Items listed in a dataset

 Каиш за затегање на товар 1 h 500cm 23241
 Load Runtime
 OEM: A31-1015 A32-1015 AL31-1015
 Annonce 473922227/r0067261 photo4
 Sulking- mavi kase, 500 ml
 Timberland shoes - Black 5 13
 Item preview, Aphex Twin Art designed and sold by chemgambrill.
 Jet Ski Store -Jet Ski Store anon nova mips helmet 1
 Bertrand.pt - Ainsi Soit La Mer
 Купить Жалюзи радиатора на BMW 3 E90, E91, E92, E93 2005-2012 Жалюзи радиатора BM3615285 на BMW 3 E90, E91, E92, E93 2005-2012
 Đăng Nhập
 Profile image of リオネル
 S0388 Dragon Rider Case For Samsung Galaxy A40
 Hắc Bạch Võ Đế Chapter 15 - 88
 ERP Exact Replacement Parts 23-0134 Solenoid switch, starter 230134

Directions for this task: Reproduce the lines of the records exactly, from the first one through the line that contains "Купить Жалюзи радиатора".

Response below:
 Каиш за затегање на товар 1 h 500cm 23241
 Load Runtime
 OEM: A31-1015 A32-1015 AL31-1015
 Annonce 473922227/r0067261 photo4
 Sulking- mavi kase, 500 ml
 Timberland shoes - Black 5 13
 Item preview, Aphex Twin Art designed and sold by chemgambrill.
 Jet Ski Store -Jet Ski Store anon nova mips helmet 1
 Bertrand.pt - Ainsi Soit La Mer
 Купить Жалюзи радиатора на BMW 3 E90, E91, E92, E93 2005-2012 Жалюзи радиатора BM3615285 на BMW 3 E90, E91, E92, E93 2005-2012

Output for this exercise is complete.